== DATA FOR THIS TASK
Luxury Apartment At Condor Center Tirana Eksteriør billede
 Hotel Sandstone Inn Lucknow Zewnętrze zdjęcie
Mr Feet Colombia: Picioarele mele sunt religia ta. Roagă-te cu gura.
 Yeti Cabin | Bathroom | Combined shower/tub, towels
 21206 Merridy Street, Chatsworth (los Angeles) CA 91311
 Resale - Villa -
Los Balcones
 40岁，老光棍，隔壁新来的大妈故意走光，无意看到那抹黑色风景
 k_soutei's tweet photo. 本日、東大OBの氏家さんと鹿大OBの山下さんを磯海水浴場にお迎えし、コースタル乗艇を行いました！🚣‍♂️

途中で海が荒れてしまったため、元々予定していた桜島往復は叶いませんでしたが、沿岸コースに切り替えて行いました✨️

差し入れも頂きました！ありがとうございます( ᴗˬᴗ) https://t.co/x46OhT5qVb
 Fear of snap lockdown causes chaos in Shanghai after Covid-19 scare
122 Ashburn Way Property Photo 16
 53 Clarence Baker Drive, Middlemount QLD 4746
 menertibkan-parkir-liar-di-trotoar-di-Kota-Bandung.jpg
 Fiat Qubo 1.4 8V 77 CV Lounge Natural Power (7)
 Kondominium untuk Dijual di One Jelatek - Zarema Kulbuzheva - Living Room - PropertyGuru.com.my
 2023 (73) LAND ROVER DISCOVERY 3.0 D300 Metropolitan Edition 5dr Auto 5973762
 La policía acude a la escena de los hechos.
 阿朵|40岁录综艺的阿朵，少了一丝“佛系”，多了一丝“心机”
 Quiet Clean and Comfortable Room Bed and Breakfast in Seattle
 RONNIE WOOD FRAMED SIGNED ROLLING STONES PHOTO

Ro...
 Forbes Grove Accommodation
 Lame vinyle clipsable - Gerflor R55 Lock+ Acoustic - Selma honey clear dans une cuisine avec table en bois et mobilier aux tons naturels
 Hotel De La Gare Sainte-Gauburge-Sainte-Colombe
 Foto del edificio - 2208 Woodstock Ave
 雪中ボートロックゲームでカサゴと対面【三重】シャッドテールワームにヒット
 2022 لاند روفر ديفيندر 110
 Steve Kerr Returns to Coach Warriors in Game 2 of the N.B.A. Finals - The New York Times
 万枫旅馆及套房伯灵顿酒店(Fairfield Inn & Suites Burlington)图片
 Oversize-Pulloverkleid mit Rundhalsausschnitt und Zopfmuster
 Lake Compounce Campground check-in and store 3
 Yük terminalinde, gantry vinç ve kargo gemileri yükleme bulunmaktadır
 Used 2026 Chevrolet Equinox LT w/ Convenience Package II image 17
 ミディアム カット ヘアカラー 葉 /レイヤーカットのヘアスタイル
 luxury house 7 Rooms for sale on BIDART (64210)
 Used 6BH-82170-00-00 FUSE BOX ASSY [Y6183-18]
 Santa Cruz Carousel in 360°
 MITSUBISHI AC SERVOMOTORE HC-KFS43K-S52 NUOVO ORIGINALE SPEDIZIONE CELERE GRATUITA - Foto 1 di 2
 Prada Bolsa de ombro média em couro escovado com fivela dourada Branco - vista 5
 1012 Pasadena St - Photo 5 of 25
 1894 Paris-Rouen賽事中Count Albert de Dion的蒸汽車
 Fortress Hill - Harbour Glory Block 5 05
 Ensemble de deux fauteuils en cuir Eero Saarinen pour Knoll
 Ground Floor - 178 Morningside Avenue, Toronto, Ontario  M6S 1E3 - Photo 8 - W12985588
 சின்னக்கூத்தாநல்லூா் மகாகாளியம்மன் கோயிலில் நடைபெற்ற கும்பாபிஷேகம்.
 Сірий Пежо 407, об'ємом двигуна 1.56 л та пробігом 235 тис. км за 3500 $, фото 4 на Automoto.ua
====
__WHAT IS NEEDED__
Find every line in the records that contains the word "Hotel"; copy those lines.

__OUTPUT OF THE TASK__
 Hotel Sandstone Inn Lucknow Zewnętrze zdjęcie
 Hotel De La Gare Sainte-Gauburge-Sainte-Colombe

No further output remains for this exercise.